Now run the code below to preprocess our sound data. Since computing MFCC is time consuming, we will do it only once and save the computed values in a .npy file which is named after the name of the label. After running the code you can find those .npy-files in the root folder of this lesson.

In [None]:
# second dimension of the feature is dim2
feature_dim_2 = 11

# save data to array file first
save_data_to_array(max_len=feature_dim_2)

## 2. Prepare the train and test set

We'll take advantage of scikit-learn function `train_test_split` which will automatically split the whole dataset.

In [None]:
# loading train set and test set
X_train, X_test, y_train, y_test = get_train_test()

# feature dimension
feature_dim_1 = 20
channel = 1

# reshaping to perform 2D convolution, there is only one channel (normally for images 3: RGB)
X_train = X_train.reshape(X_train.shape[0], feature_dim_1, feature_dim_2, channel)
X_test = X_test.reshape(X_test.shape[0], feature_dim_1, feature_dim_2, channel)

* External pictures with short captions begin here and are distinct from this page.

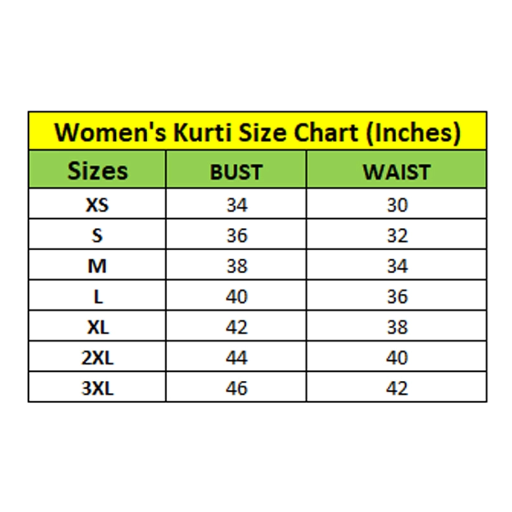 Cotton Blended Printed 3/4th Sleeve Collar Neck Kurti-https://i-media.vyaparify.com/vcards/products/293048/product_1750074229_68500375d8976.png Image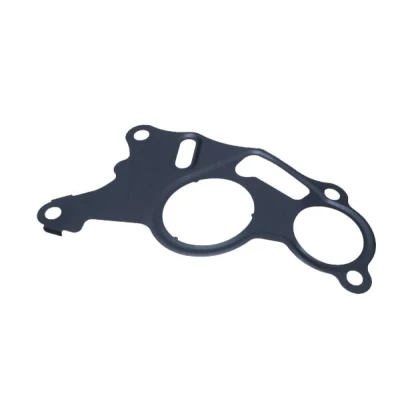 Abbildung von MAXGEAR 70 0131 Dichtung, Unterdruckpumpe VOLKSWAGEN: GOLF 6, Touran I, Passat B6 Variant, AUDI: A4 B8 Avant, A6 C6 Limousine, Limousine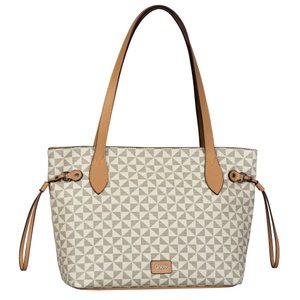 Gabor Shopper »Barina«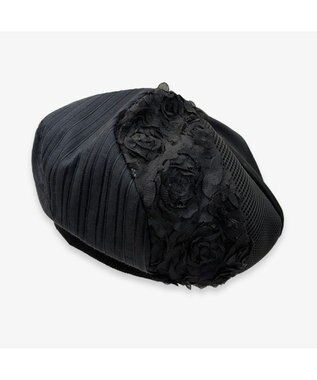 林八百吉商店 e-zoo UZUMAKI DRESS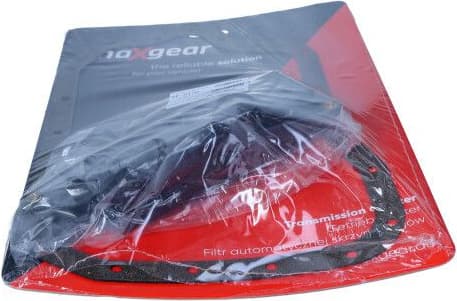 Hydraulic Filter Kit, automatic transmission 26-1720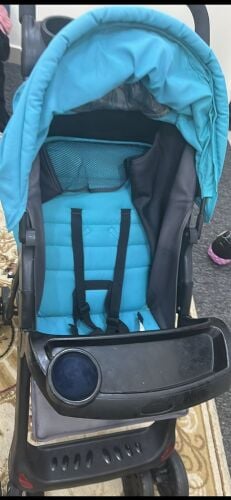 baby stroller juniors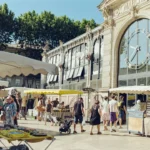 Activité insolite à Montpellier : 8 expériences que peu de gens connaissent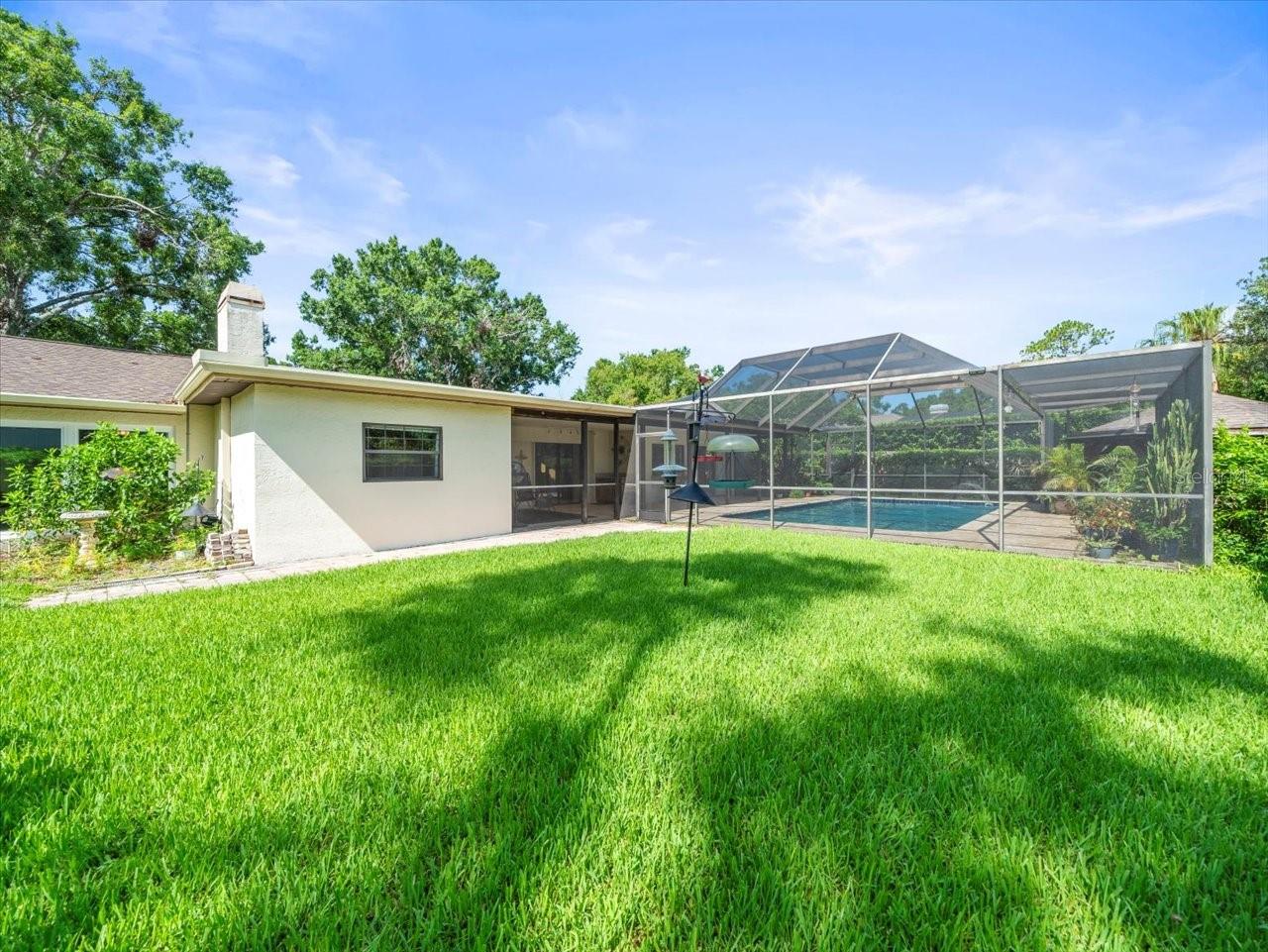 Image 44 of 47 For 4209 Winding Willow Drive
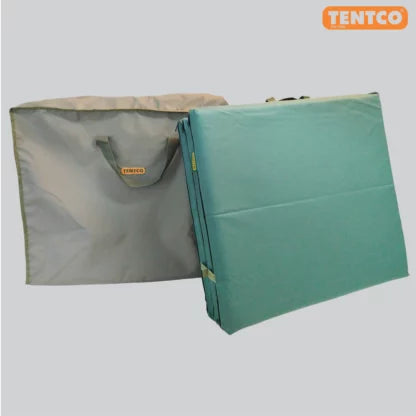 Fold Up Mattress Bag
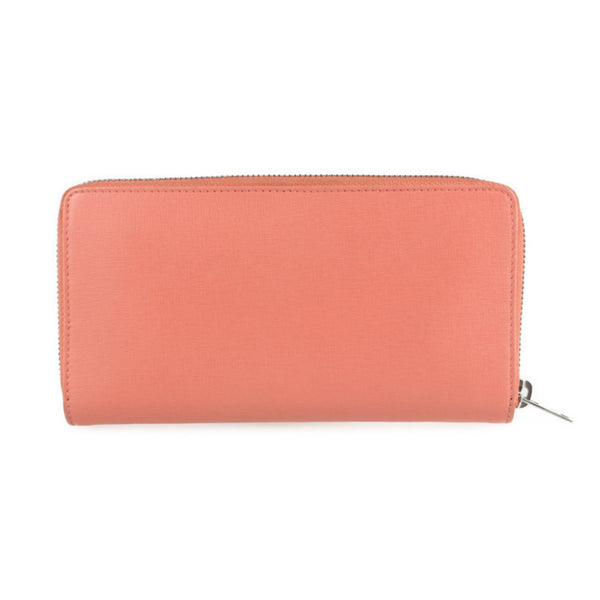 Balenciaga Wallet | Luxury Leather Wallet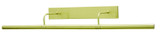 Specialty Items Picture Lights by House of Troy ( 30 | DSL36-51 Slim-line ) 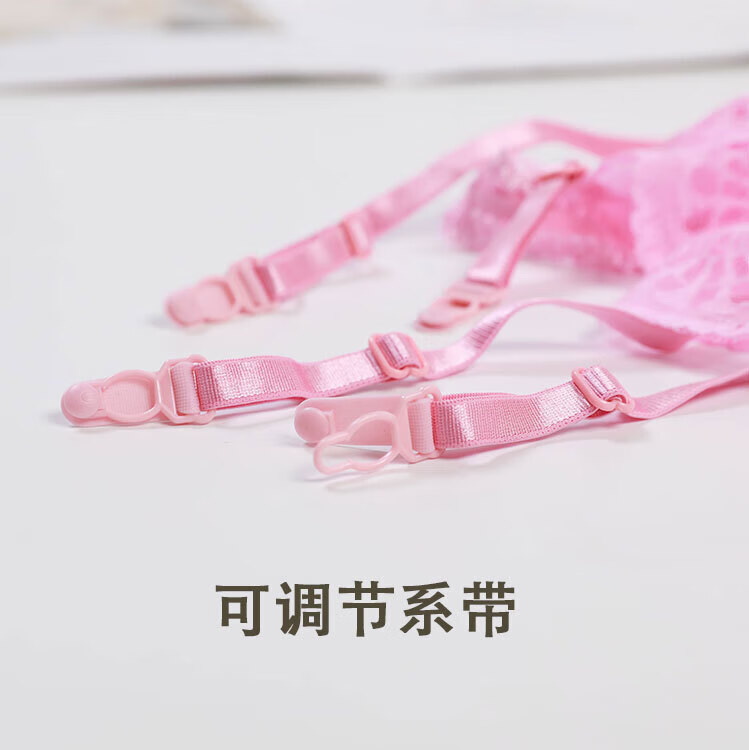 c50876070d542502.jpg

# one hot encoding (already explained in the Computer Vision Lesson, CIFAR-10 )
y_train_hot = to_categorical(y_train)
y_test_hot = to_categorical(y_test)

## 3. Build the model and train it

Finally it is time to build our CNN and train it with the train data. The code below has no secrets anymore.

In [None]:
epochs = 50
batch_size = 100
verbose = 1

class_names =  ['bed', 'cat', 'happy']
num_classes = len(class_names)

model = Sequential()

model.add(Conv2D(32, kernel_size=(2, 2), activation='relu', input_shape=(feature_dim_1, feature_dim_2, channel)))
model.add(Conv2D(48, kernel_size=(2, 2), activation='relu'))
model.add(Conv2D(120, kernel_size=(2, 2), activation='relu'))

model.add(MaxPooling2D(pool_size=(2, 2)))
model.add(Dropout(0.25))

model.add(Flatten())
model.add(Dense(128, activation='relu'))
model.add(Dropout(0.25))
model.add(Dense(64, activation='relu'))
model.add(Dropout(0.4))
model.add(Dense(num_classes, activation='softmax'))

model.compile(loss=keras.losses.categorical_crossentropy,
                  optimizer=keras.optimizers.Adadelta(),
                  metrics=['accuracy'])
    
model.fit(X_train, y_train_hot, batch_size=batch_size, epochs=epochs, verbose=verbose, validation_data=(X_test, y_test_hot))

## 4. Predict

In the folder `data_test` you will find some .wav-files to test your model with. Since we achieved an accuracy of 94%, all these files should predict the correct corresponding text. Maybe you can try if this is still the case if you pronounce the words yourself?

In [None]:
sample = wav2mfcc('./data_test/bed_0.wav')
sample_reshaped = sample.reshape(1, feature_dim_1, feature_dim_2, channel)

predicted_index = np.argmax(model.predict(sample_reshaped))

print(class_names[predicted_index])

## 5. Exercise

In the `data_fruit` folder you will find another dataset for Speach Recognition. Use this dataset as input and build and train a model. Can you achieve a high accuracy? Try to predict your own words.